Acmepackingcompany

How Much Better Is Brandon McManus?

V.Lee32 min ago
This week, the Green Bay Packers signed former Denver Broncos and Jacksonville Jaguars kicker Brandon McManus and released the much-maligned Brayden Narveson. I do not want to look past the allegations against McManus. These have been covered on our site with the most recent updates as of posting here . With that said, the sole purpose of this particular is to cover McManus as a kicker.

Analyzing kickers using the most commonly cited numbers can be difficult. Raw field goal percentage has issues with difficulty. If a kicker attempts a lot of long-distance kicks, their FG% may be lower even though they are a better kicker. The other issue is weather. Kicking in a dome is easier than kicking outdoors. Kicking at altitude in a place like Denver is easier than kicking at sea level. Kicks in September are easier than kicks in the snow and cold of December.

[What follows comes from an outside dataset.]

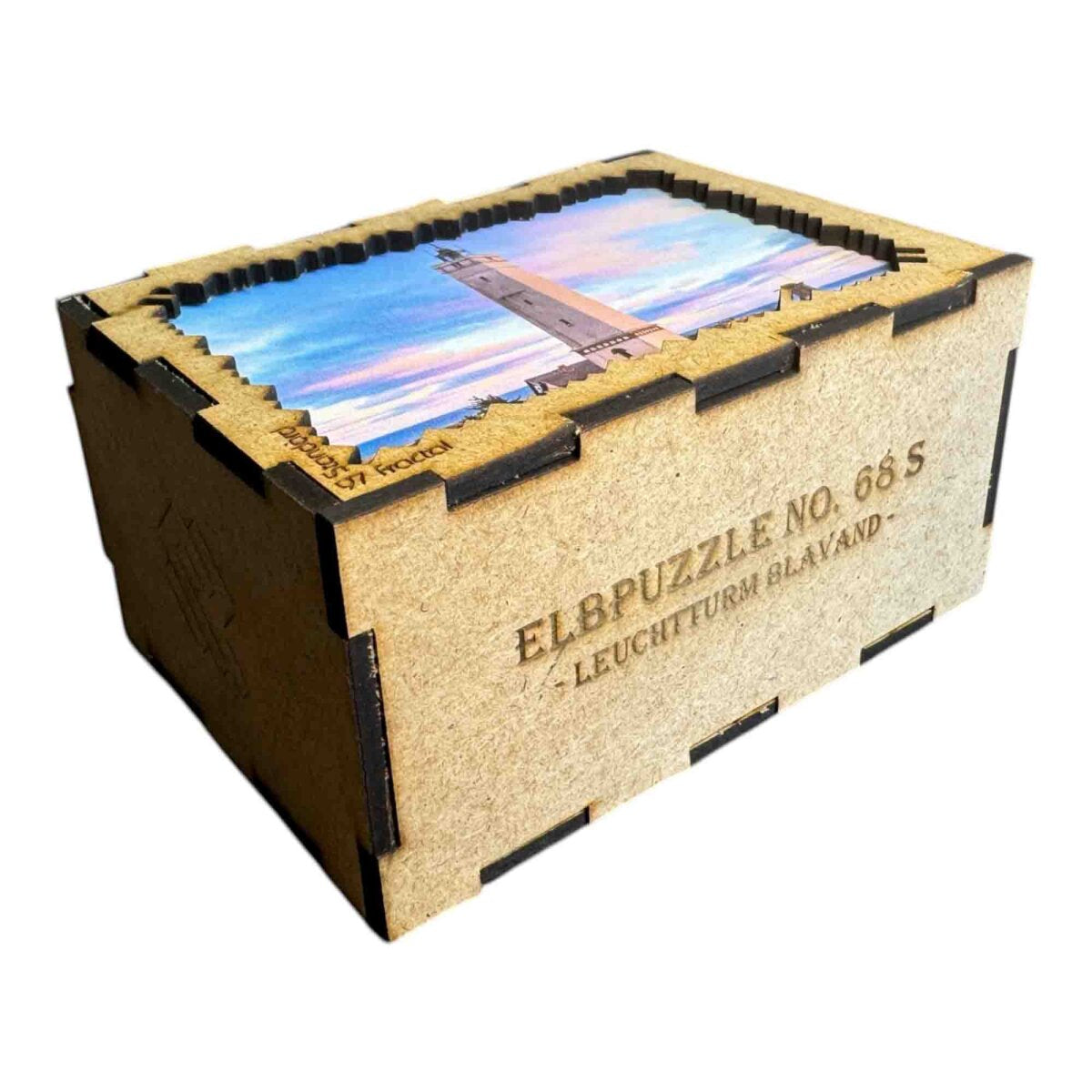 elbPUZZLE No. 68 - Leuchtturm Blavand - Fractale Edition Standard - 97 Teile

Perhaps the best way I have seen to attempt to account for these factors so far is the way that DVOA looks at the kicking game. It takes into account not only the expected points from various distances, but also stadium type and weather conditions of the game. Therefore it punishes kickers in domes and in Denver, and rewards kickers in places like Green Bay, Buffalo, or Chicago, which have a more difficult kick diet due to weather and surface. The full explanation for the factors taken into account is explained below from FTN, which is now the host of DVOA:

Field goal kicking is measured differently. Measuring kickers by field goal percentage is a bit absurd, as it assumes that all field goals are of equal difficulty. In our metric, each field goal is compared to the average number of points scored on all field goal attempts from that distance over the past 15 years. The value of a field goal increases as distance from the goal line increases. Kickoffs, punts, and field goals are then adjusted based on weather and altitude. It will surprise no one to learn that it is easier to kick the ball in Denver or a dome than it is to kick the ball in Buffalo in December. Because we do not yet have enough data to tailor our adjustments specifically to each stadium, each one is assigned to one of four categories: Cold, Warm, Dome, and Denver. There is also an additional adjustment dropping the value of field goals in Florida (because the warm temperatures allow the ball to carry better).

If we look at the Packers this year, they are unsurprisingly horrendous at FG/XP DVOA. Only the New York Jets , who managed to surpass Green Bay this week with a pair of missed field goals, are worse than the Packers and it is by .1 DVOA. The difference between the Packers at 31st and the Bills at 30th (Tyler Bass also missed a field goal on Monday night, the wind was really something) is the same gap as between the Bills and Ravens who rank 25th. The Packers kicking game is, quite obviously, a mess.

So how has Brandon McManus ranked over the course of the past few years? Last year, McManus' first out of the thin air of Denver, he ranked 21st in FG/XP DVOA. For reference, Anders Carlson ranked 26th. The year prior, his last in Denver, he ranked 22nd. In 2021 he ranked 14th, and in 2020 he ranked 10th.

Diving into his statistics by various distances, a pretty stark difference begins to show. Over the past four years, McManus is just over 90% from inside forty yards and an outstanding 95% from 40-49 yards (though he is coming off an 11/13 year last season). Where McManus struggles compared to his peers is on longer field goals. He makes fewer than 60% of them. The Packers can strategize around those struggles a, though. When the Packers have fourth and short-ish around the opponent's 35- to 40-yard line, they should lean to go a bit more than they normally would knowing that McManus doesn't become particularly reliable until they get around or inside the opponent's 30.

Strictly as a kicker, McManus does look like an upgrade. The Packers should no longer have perhaps the league's worst field goal unit. Instead, it should be merely below average, which given what we've seen so far, might just feel like prime Justin Tucker.